東京メトロに乗って市ヶ谷。東京日仏学院でジャンルー・シーフによるイヴ・サンローランのポートレート展。展示は2階の廊下と中庭で行なわれていた。廊下でイヴ・サンローランの顔をじっと見つめたあと振り返ったら窓の外で枇杷の実が揺れていた。緑滴る中庭にモノクロのポートレイトが映える。レストランのテラス席は閑散としていた。イヴ・サンローランの洋服を着て枇杷をたべたら枇杷の汁がだらだらと指をつたって袖口を汚すだろう。

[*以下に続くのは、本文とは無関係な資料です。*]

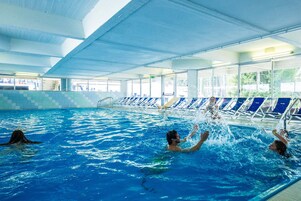 Indoor pool, sun loungers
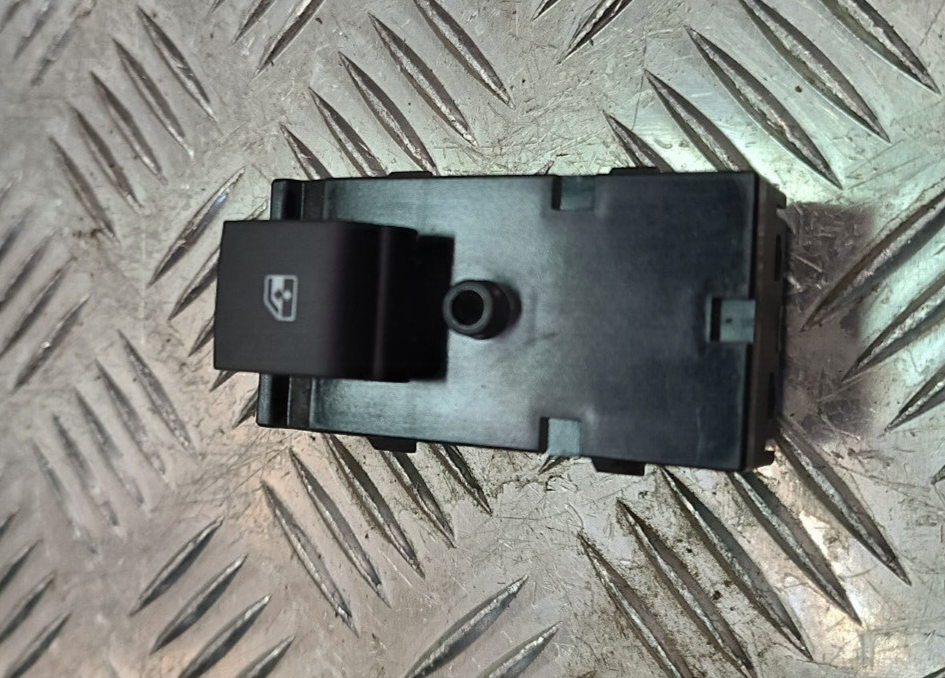OPEL ASTRA K Kombi 1.0 Original Fensterheberschalter GM 321969 8164 gebraucht - 13408452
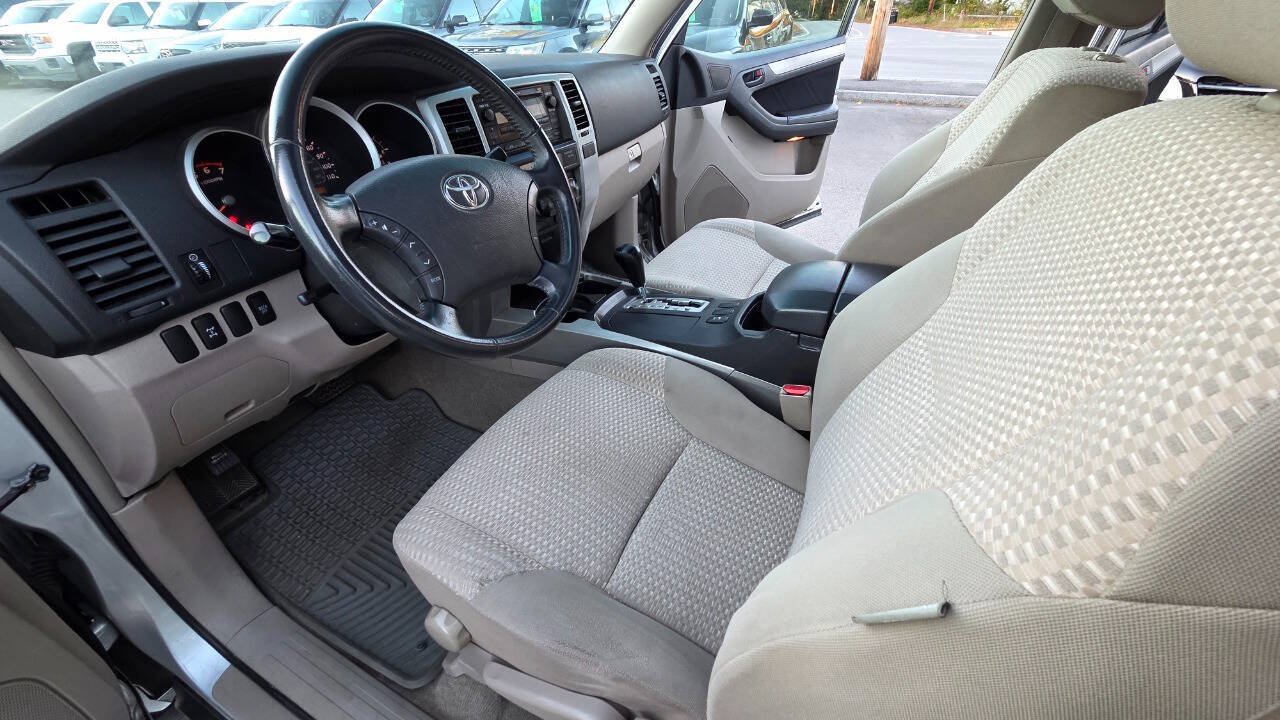 Used 2007 Toyota 4Runner SR5 AWD/4WD image 30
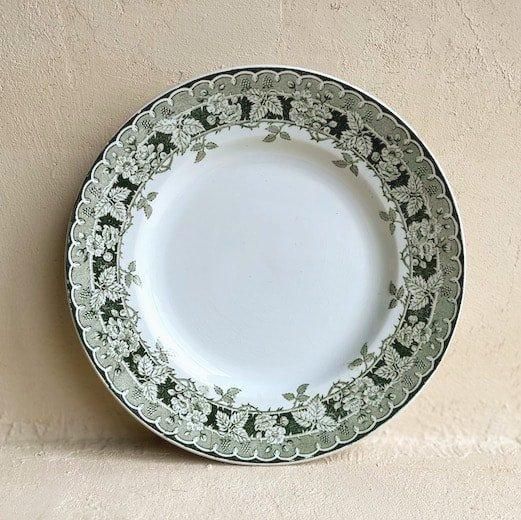 St.Amand Antique plate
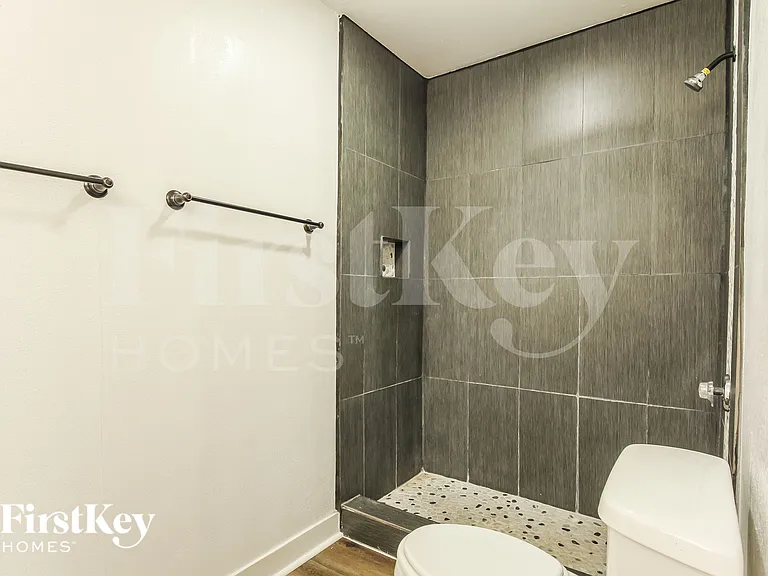 8038 W Windrose Dr — Photo 8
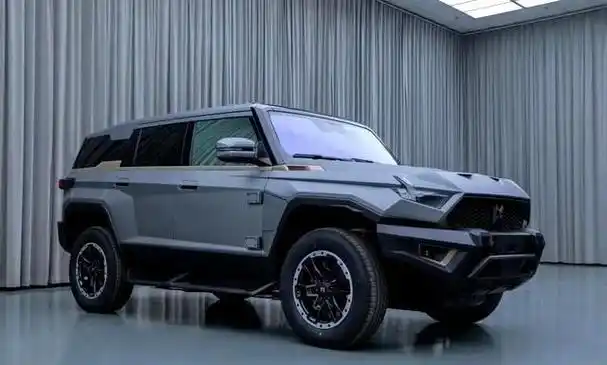 这款中大型suv采用了非常硬派的造型,外观设计充满了军用越野车的风格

日仏から歩いて数分のミヅマアートギャラリーで青山悟「芸術家は人生において6本の薔薇を真剣につくらねばならない」。青山悟は工業用ミシンを使って写真とみまがうほどに精緻な刺繍を生み出している作家だが、青山悟について語るとき、作品と作品が展示された空間とを切り離して考えることはできない。青山悟の展示はこれまでに4度観ている。2008年、赤坂サカスを中心に、廃校となった中学校、元料亭、氷川神社など赤坂の街いったいに美術作品を点在させたアートプロジェクト「Akasaka Art Flower 08」で、青山悟の刺繍は元料亭の仄暗い廊下に飾られていた。白糸で縫い取られた馬がひっそりと発光していた。これが出会い。二度目は2010年、馬喰横山のアガタ竹澤ビルgallery αMにて。青山悟の祖父、青山龍水の絵画と対をなすように吊るされた刺繍がゆらゆらとオレンジ色の照明のなかを漂う圧巻の演出に、これはただものではないなと認識したあの瞬間が愛しい。三度目は今年春、上野のVOCA展にて。さて、本日。展示室では脳天を射るような光量の照明がギャラリーの白壁に反射しルーメン・ルクスともに最高潮、の眩さで室内に足を踏み入れたわたしの平衡感覚を簡単に鈍らせ、そして無響室に入った感覚を呼び起こさせた。強烈な光は音を消失させる。目眩をおぼえつつその中に浮かぶ陰影を宿した5本の赤い薔薇の赤や黒や深緑の糸をひとすじひとすじ目でなぞった。最後の1本にはまた別の部屋で出会える。青山悟は「薔薇をつくることを自分の作家活動において二度としない」と宣言したという。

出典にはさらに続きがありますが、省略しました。